Now engaged, she sees Tom (and her fiancee) differently but keeps that to herself. Until, of course, their friends and family fly to Scotland for a fairytale wedding. That’s when everything finally becomes crystal clear (and needlessly expensive) for all involved, especially when Patrick Dempsey barges into the church on a horse.
Fresh out of college and unsure of what’s next, an aspiring videographer named Leilana (Winona Ryder) is working on a documentary starring herself and her closest friends. Meanwhile, she has an intense, will-they-won’t-they thing with her brooding and perpetually out-of-work best friend Troy (Ethan Hawke). But he’s obviously in love with her–and that’s where things get complicated.

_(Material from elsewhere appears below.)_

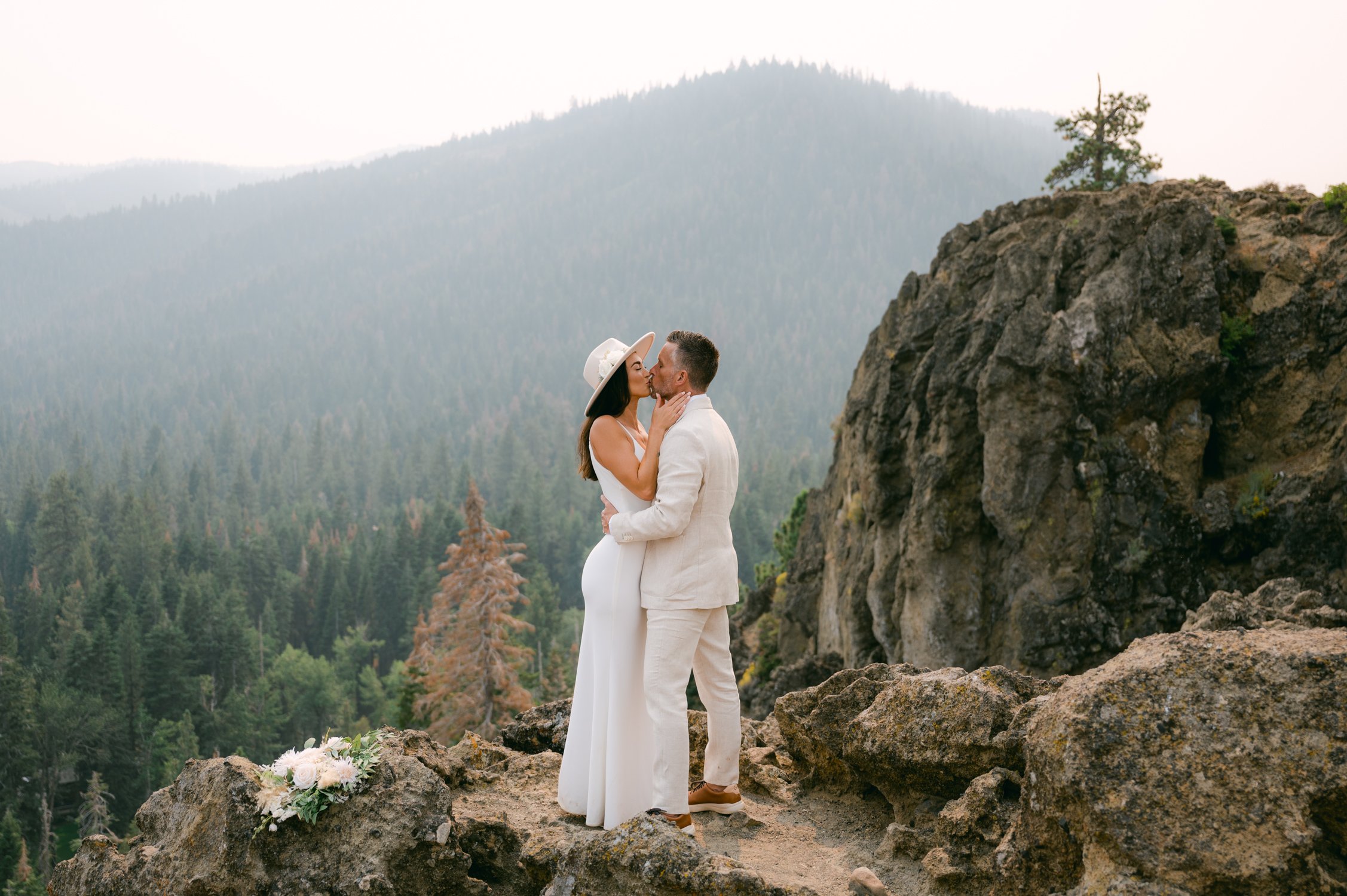Lake Tahoe Yacht wedding, photo of couple at a viewpoint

Terrified of losing each other, they both hesitate to make a move. As their other best friend Vickie (Janeane Garofalo) warns, “sex is the quickest way to ruin a friendship.”
Vividly in denial about their feelings, Laney starts dating a well-meaning yuppie named Michael (Ben Stiller). But one night, these BFFs hold nothing back, changing their relationship forever. Unfortunately, Laney forgot to break up with her boyfriend first, and mutual fears of losing each other reach an all-time high.

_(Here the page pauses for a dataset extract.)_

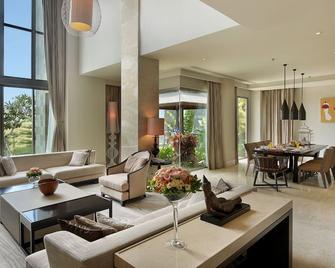Luxury Apartment At Ayana Residences - South Kuta - Sala de estar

Frankly, it doesn’t get more 90s than Reality Bites. The story–and the soundtrack–still holds up!
You’d think these two would’ve learned something from No Strings Attached. But alas, foolish friends once again rush into casually cold agreements about having sex without developing feelings.
There are some truly funny and honest moments in this romantic romp starring Mila Kunis and Justin Timberlake. However, since the premise so closely resembles its underwhelming predecessor (which came out a mere five months earlier), there are quite literally no surprises.
When it comes to movies about falling in love with your best friend, there is perhaps none more iconic (or quotable) than When Harry Met Sally. Beyond that, this timelessly sharp Rob Reiner flick famously set a new standard in the realm of rom coms as a whole.
Starring Billy Crystal and Meg Ryan, this lilting love story unfolds over a ten-year span, much of which is spent with the main characters never thinking of each other “that way.” We also get to hear the touching love stories of other kismet couples who knew when they knew. And amazingly, it never gets cheesy.
Whether you’re an eternal optimist or love’s greatest skeptic, I’d highly recommend watching When Harry Met Sally if you somehow haven’t yet.